+++ Data supplied +++

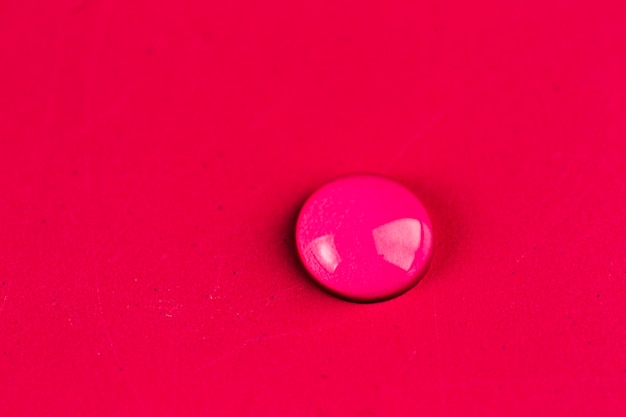 Water droplet on red background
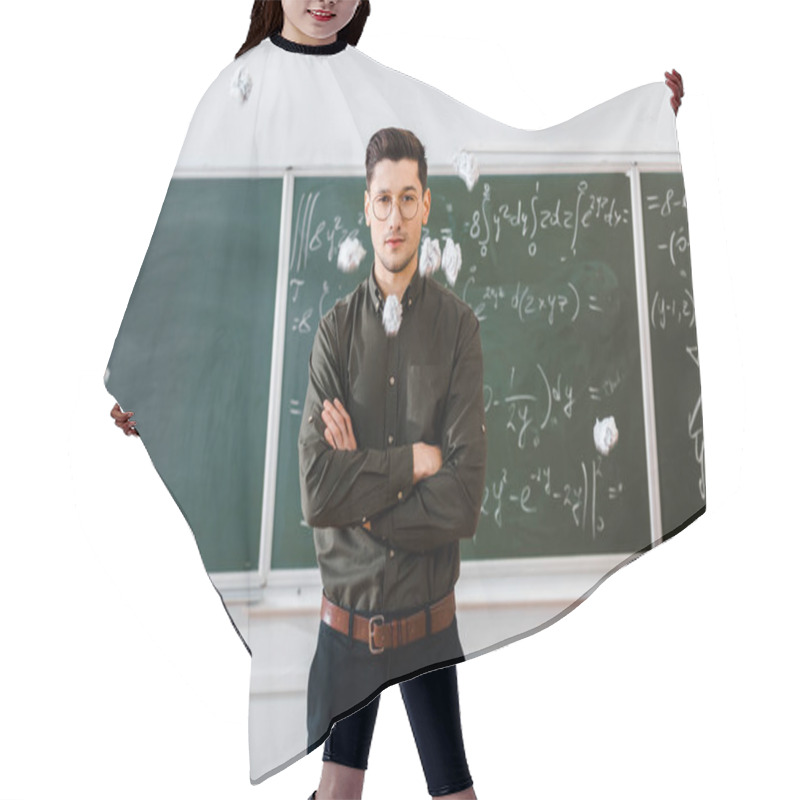 Personality  Crumpled Paper Balls Flying At Male Teacher With Arms Crossed In Classroom With Chalkboard On Background Hair Cutting Cape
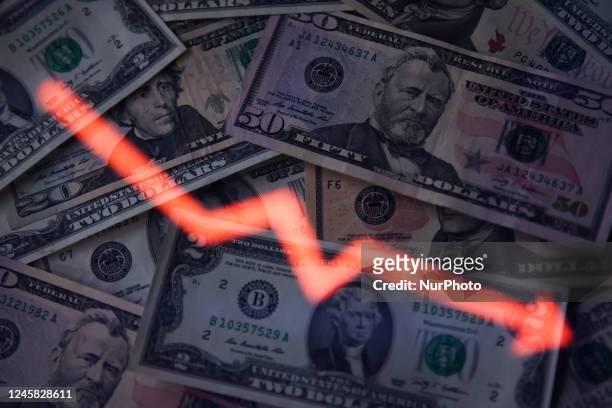 United States dollar banknotes and an illustrative stock graph displayed on a screen are seen in this multiple exposure illustration photo taken in...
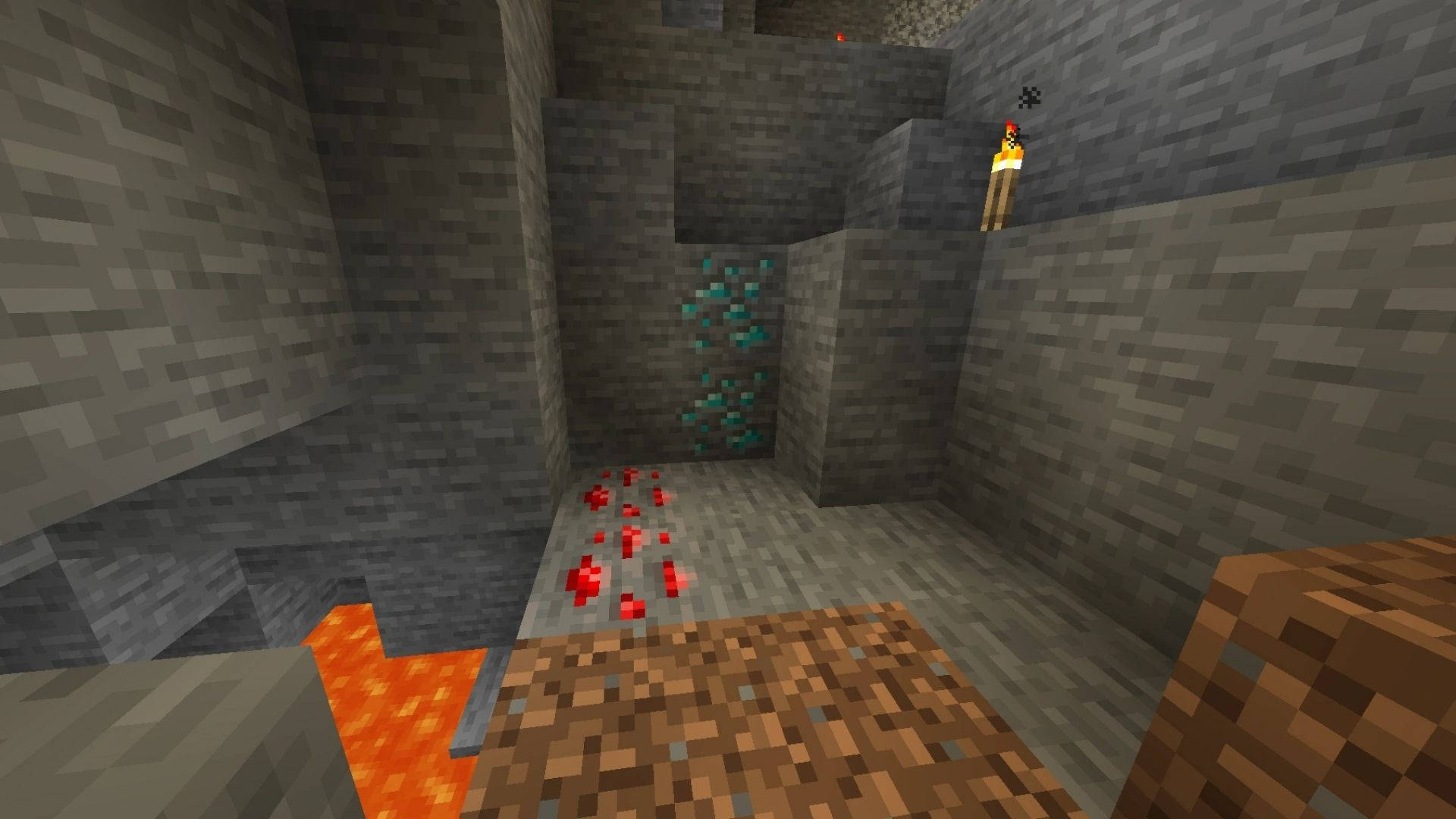 我的世界 鑽石 桌布 壁紙 — 一個像素化的Minecraft礦井，有流動的熔岩、紅石粉，以及一支火炬照亮石牆和鑽石礦。
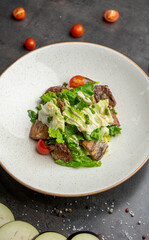 Warm salad with beef tender sauce and cherry tomatoes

+++

** What to produce **
In this exercise, set down all of the data exactly, without the pictures.

** Final answer **
 Water droplet on red background
 Personality  Crumpled Paper Balls Flying At Male Teacher With Arms Crossed In Classroom With Chalkboard On Background Hair Cutting Cape
 United States dollar banknotes and an illustrative stock graph displayed on a screen are seen in this multiple exposure illustration photo taken in...
 我的世界 鑽石 桌布 壁紙 — 一個像素化的Minecraft礦井，有流動的熔岩、紅石粉，以及一支火炬照亮石牆和鑽石礦。
 Warm salad with beef tender sauce and cherry tomatoes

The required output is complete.